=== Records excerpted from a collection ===
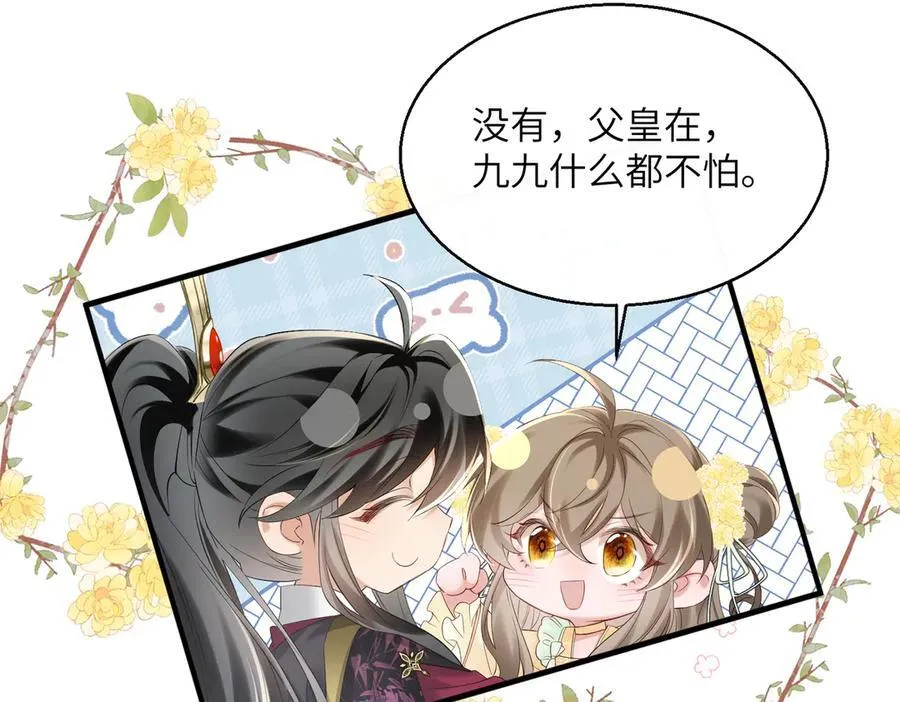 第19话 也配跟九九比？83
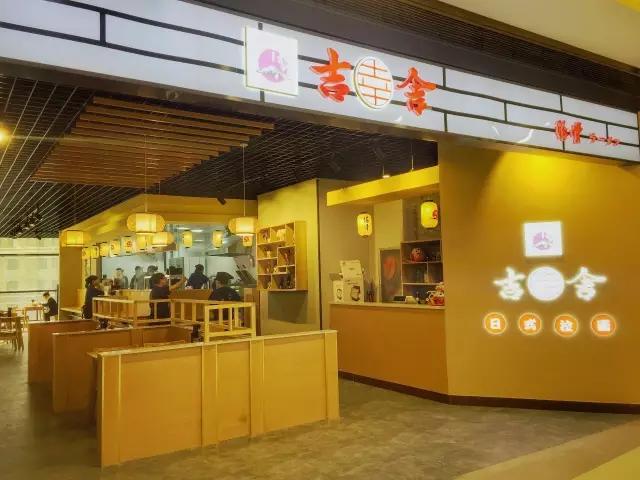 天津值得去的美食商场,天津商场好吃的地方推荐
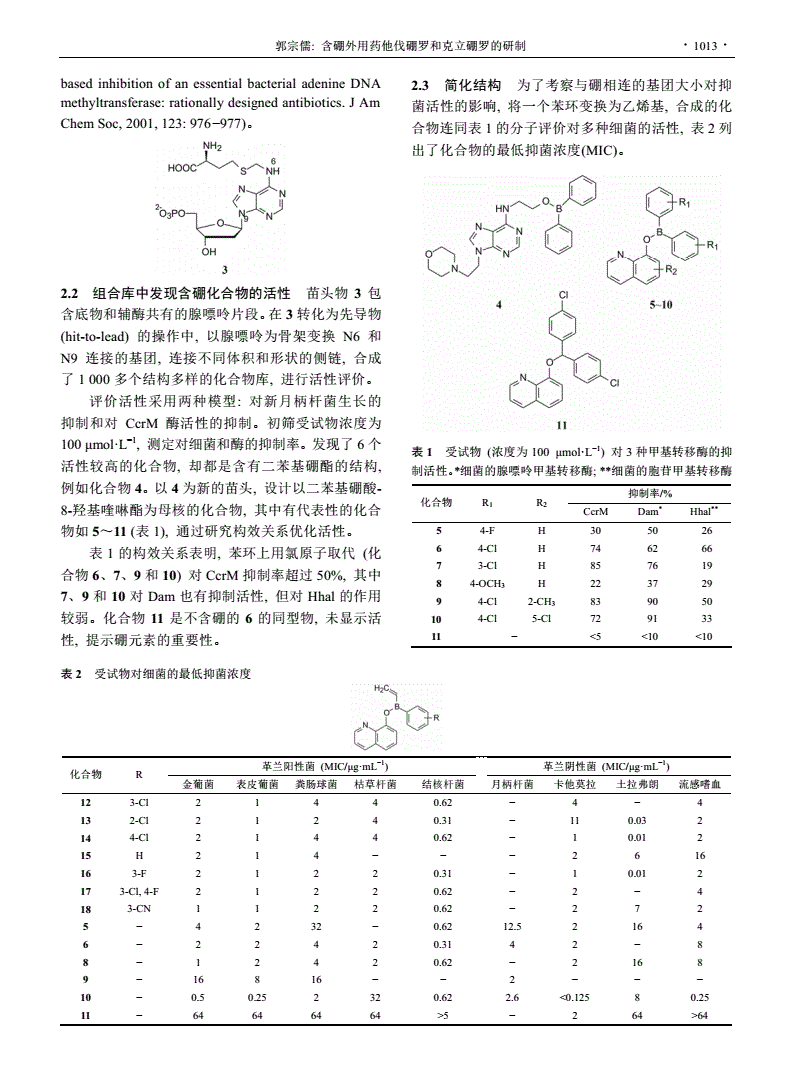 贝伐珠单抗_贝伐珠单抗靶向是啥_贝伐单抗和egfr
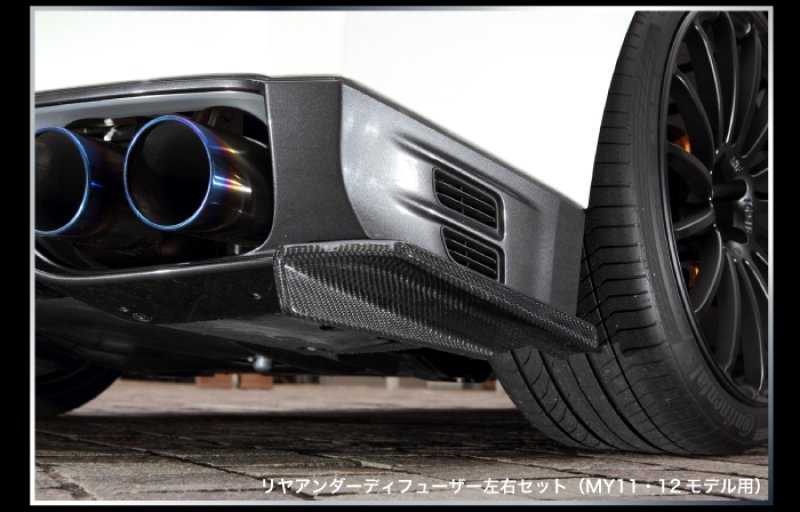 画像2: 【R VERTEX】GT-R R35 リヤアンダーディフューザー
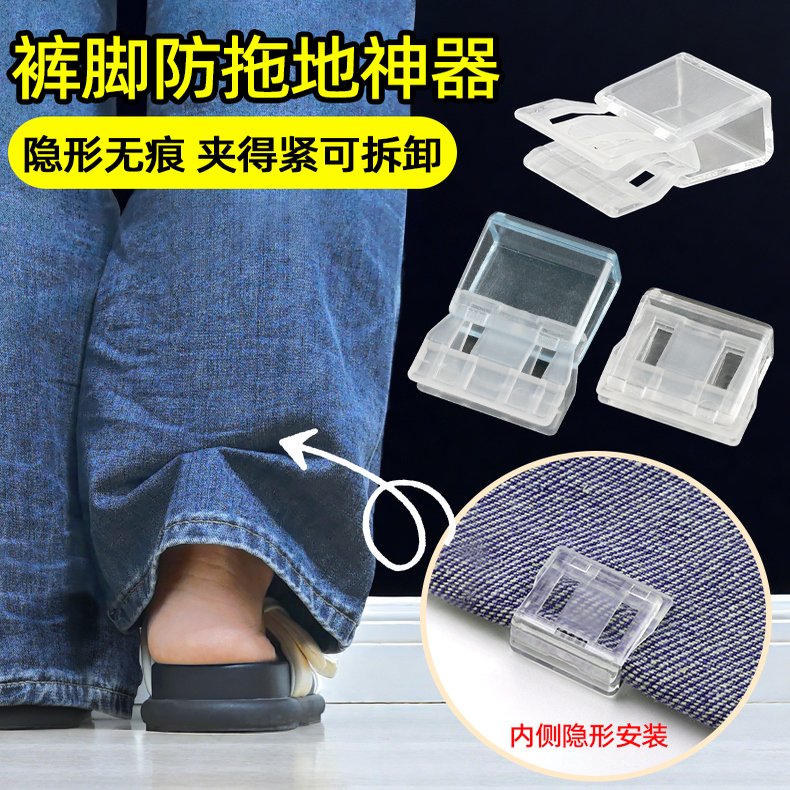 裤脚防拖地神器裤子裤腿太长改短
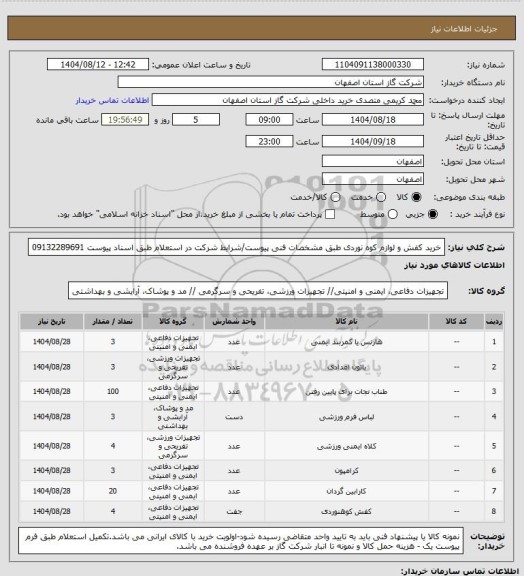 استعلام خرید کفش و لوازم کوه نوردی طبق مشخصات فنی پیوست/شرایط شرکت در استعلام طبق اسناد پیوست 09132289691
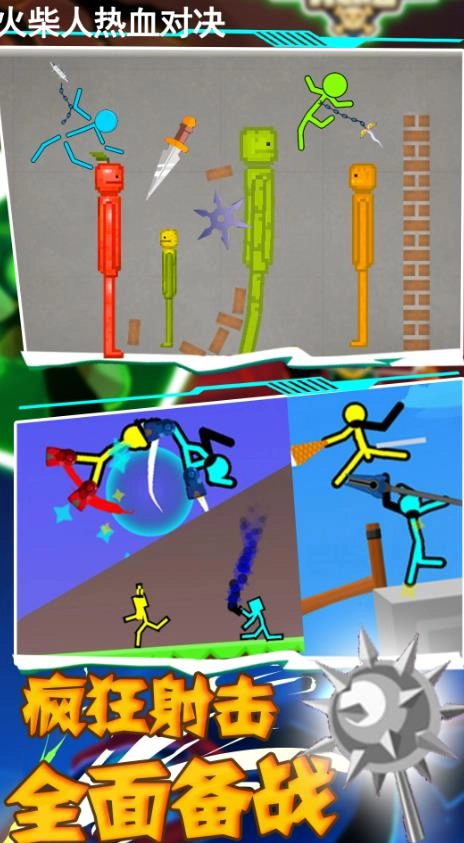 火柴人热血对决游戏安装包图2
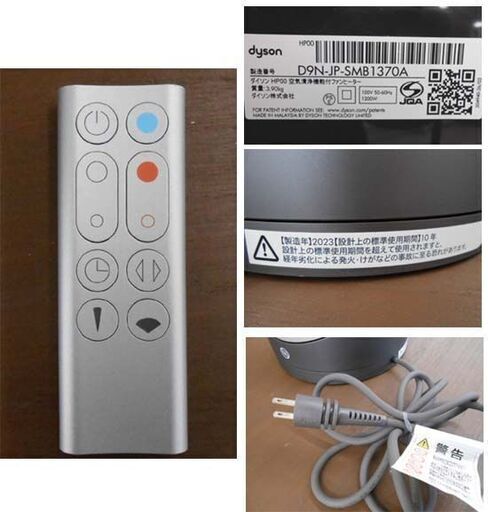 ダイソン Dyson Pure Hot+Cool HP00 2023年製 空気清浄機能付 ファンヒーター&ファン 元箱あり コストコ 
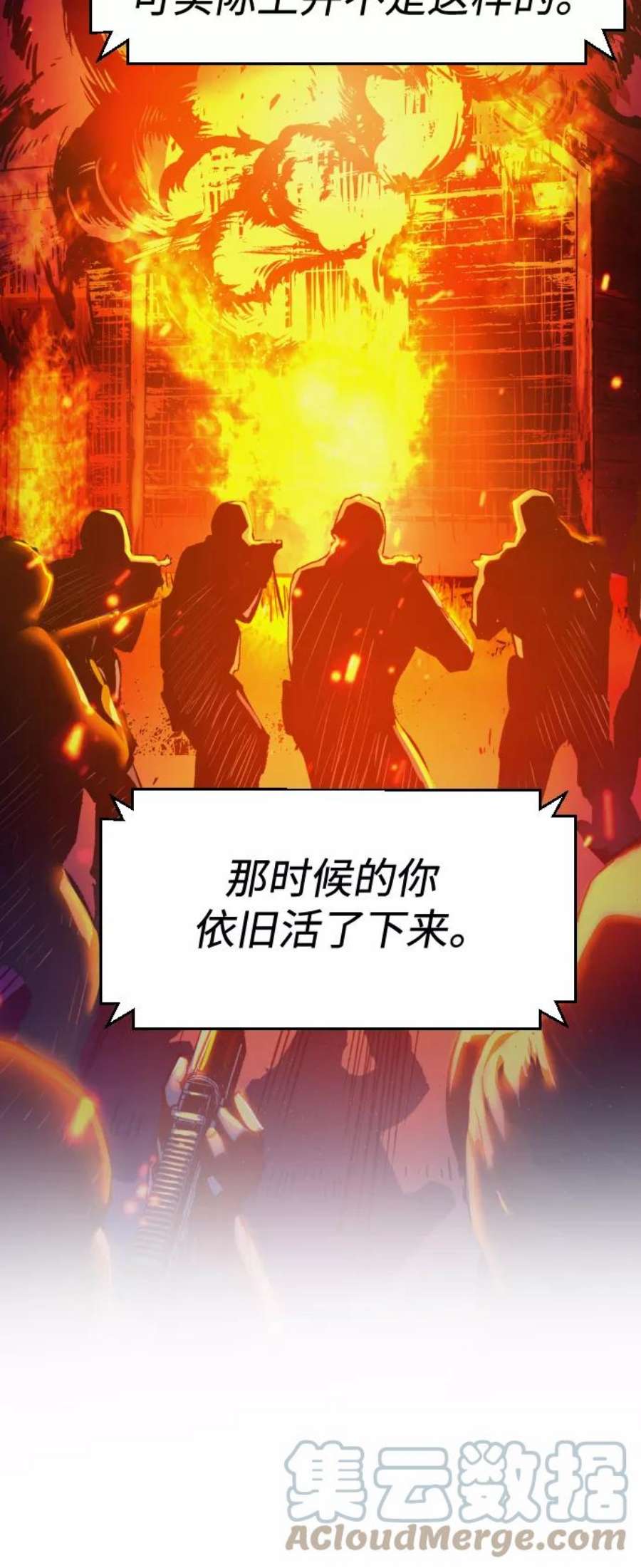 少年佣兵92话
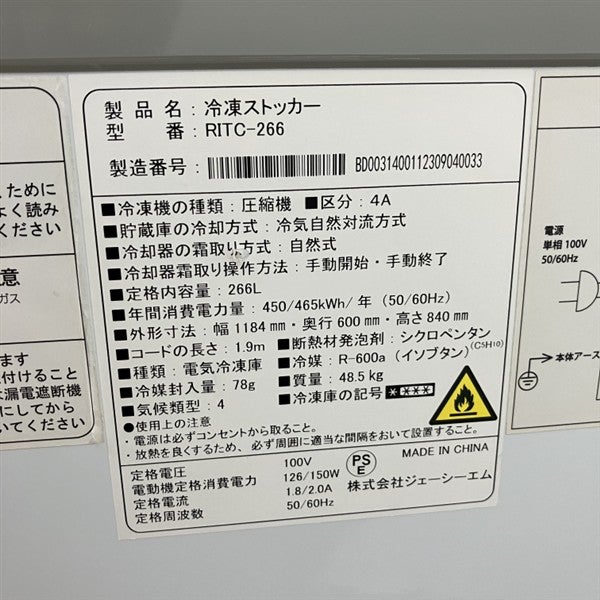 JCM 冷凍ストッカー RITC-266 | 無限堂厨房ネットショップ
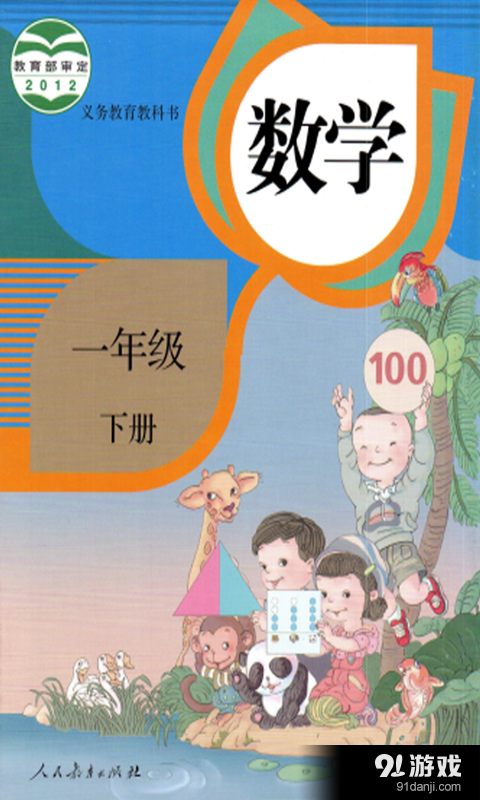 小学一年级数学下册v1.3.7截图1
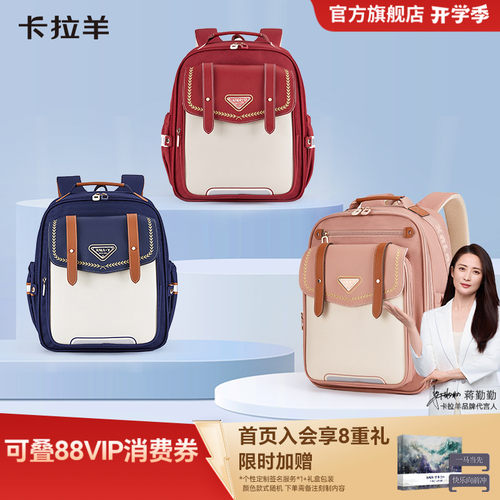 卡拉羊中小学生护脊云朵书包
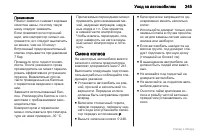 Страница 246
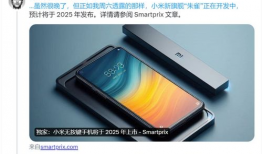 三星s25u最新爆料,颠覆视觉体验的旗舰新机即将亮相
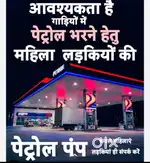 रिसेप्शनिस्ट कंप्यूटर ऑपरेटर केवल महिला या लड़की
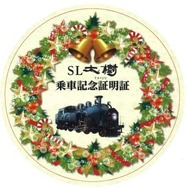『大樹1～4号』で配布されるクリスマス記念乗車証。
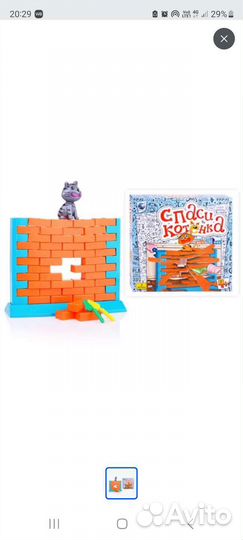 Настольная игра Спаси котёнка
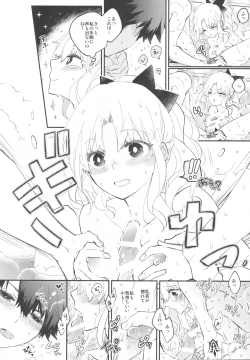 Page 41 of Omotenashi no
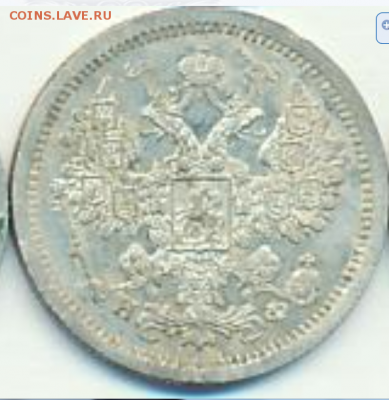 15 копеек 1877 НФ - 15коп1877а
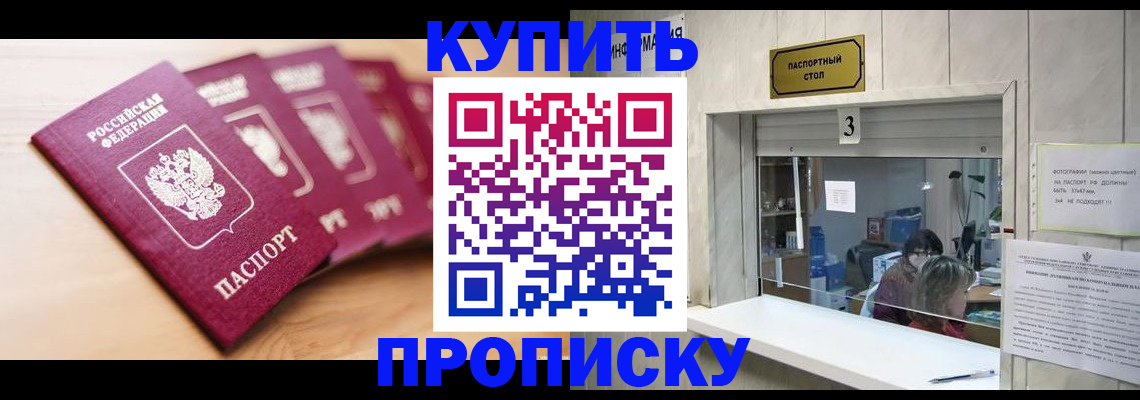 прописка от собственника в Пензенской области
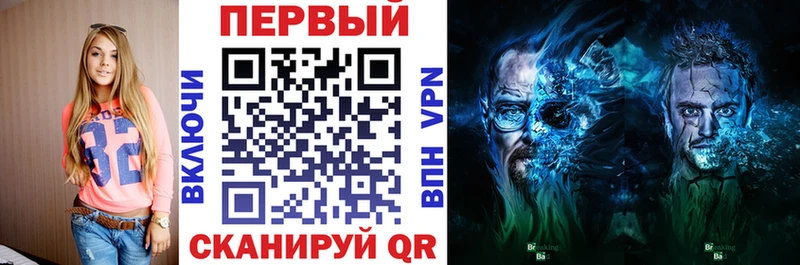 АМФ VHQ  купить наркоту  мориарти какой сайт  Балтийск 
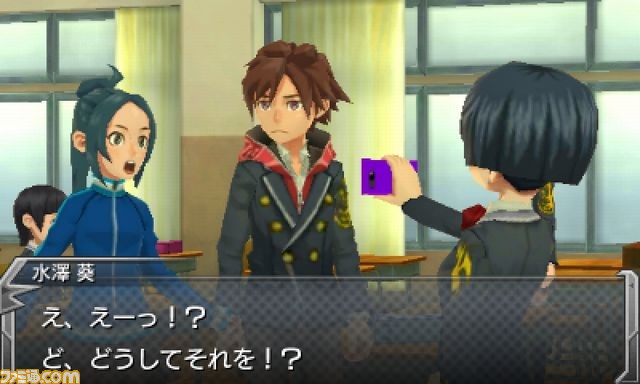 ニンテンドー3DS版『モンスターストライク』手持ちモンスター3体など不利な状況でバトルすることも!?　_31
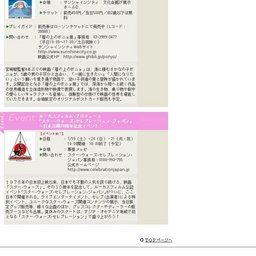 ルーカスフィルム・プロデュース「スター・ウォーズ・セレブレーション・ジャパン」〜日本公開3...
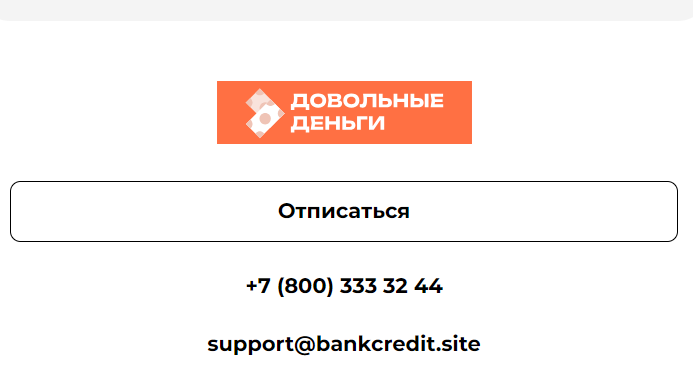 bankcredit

=== ASSIGNMENT ===
Once the pictures are set aside, copy the remaining text of every entry exactly.

=== RESULT FOR THIS EXERCISE ===
 第19话 也配跟九九比？83
 天津值得去的美食商场,天津商场好吃的地方推荐
 贝伐珠单抗_贝伐珠单抗靶向是啥_贝伐单抗和egfr
 画像2: 【R VERTEX】GT-R R35 リヤアンダーディフューザー
 裤脚防拖地神器裤子裤腿太长改短
 استعلام خرید کفش و لوازم کوه نوردی طبق مشخصات فنی پیوست/شرایط شرکت در استعلام طبق اسناد پیوست 09132289691
 火柴人热血对决游戏安装包图2
 ダイソン Dyson Pure Hot+Cool HP00 2023年製 空気清浄機能付 ファンヒーター&ファン 元箱あり コストコ 
 少年佣兵92话
 JCM 冷凍ストッカー RITC-266 | 無限堂厨房ネットショップ
 小学一年级数学下册v1.3.7截图1
 卡拉羊中小学生护脊云朵书包
 Страница 246
 三星s25u最新爆料,颠覆视觉体验的旗舰新机即将亮相
 रिसेप्शनिस्ट कंप्यूटर ऑपरेटर केवल महिला या लड़की
『大樹1～4号』で配布されるクリスマス記念乗車証。
 Настольная игра Спаси котёнка
 Page 41 of Omotenashi no
 15 копеек 1877 НФ - 15коп1877а
 прописка от собственника в Пензенской области
 АМФ VHQ  купить наркоту  мориарти какой сайт  Балтийск 
 ニンテンドー3DS版『モンスターストライク』手持ちモンスター3体など不利な状況でバトルすることも!?　_31
 ルーカスフィルム・プロデュース「スター・ウォーズ・セレブレーション・ジャパン」〜日本公開3...
 bankcredit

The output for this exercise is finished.